Greed and Cruelty All the Way to the Top: How Hermès Profits off Misery
Australia is home to one of the largest crocodile farming industries in the world—and Hermès is a major player. The company owns and operates PRI Farming, one of the biggest crocodile-skin suppliers in the country. These facilities confine as many as 200,000 crocodiles—more than exist in nature—often in filthy, cramped pits or dark sheds with urine- and feces-polluted water.
In 2021, video footage by Kindness Project revealed animals suffering in cramped cages or tiny concrete pits at Australian crocodile farms that supply skins to Hermès. The footage showed workers electrocuting, stabbing, shooting, and even mutilating crocodiles with screwdrivers—sometimes while their bodies convulsed.

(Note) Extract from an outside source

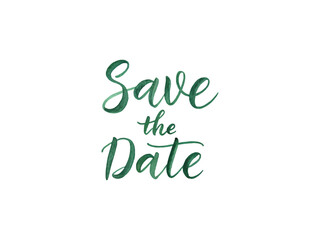 Watercolor calligraphy design of 'Save the Date' lettering for weddings, romantic invitations, announcements, and stylish decorative event designs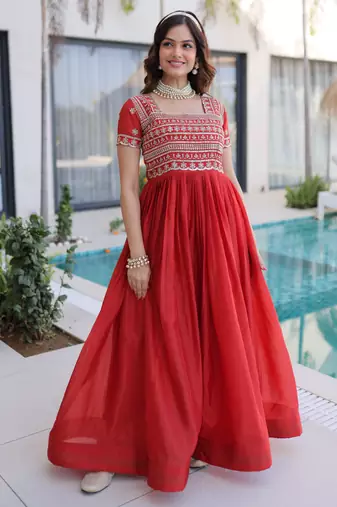 Orange women ho fabric sequins & zari embroidered gown with pipe beads work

PETA entities have exposed cruelty on reptile skin farms all over the world, and the story is always the same: filth, extreme confinement, and a violent death. At one of the world’s largest exporters of Nile crocodile skins in Zimbabwe, PETA’s investigators saw tens of thousands of crocodiles trapped in concrete pits from birth to slaughter.

Many belly skins are sent to an Hermès-owned tannery where they’re covered with chemicals to stop their skin from rotting to make “luxury” items such as some “Birkin” and “Kelly” handbags, which can cost $50,000 or more. It takes three or four crocodiles to make just one handbag.

Hermès Is Planning an Even Deadlier Operation: Australia’s Largest Crocodile Farm
There’s nothing stylish about cramming sensitive animals into pits, hacking them apart, and leaving them to die a slow, painful death. In nature, crocodiles dig tunnels, play, protect their young, and hunt using tools. Crocodiles are feeling individuals who experience pain and fear—they do not want to be slaughtered to become accessories.
Driven by greed, fashion companies like Hermès continue to expand crocodile factory-farming operations in Australia. Its latest proposed development would imprison up to 50,000 saltwater crocodiles.
This regressive move comes as the fashion world turns away from wild-animal skins—thanks in no small part to PETA’s hard-hitting investigations and unrelenting pressure. Burberry, Calvin Klein, Chanel, HUGO BOSS, Tommy Hilfiger, and Victoria Beckham have all banned crocodile and other wild-animal skins from their collections.
Hermès should invest in humane, sustainable, and future-proof projects, not build new animal factory prisons.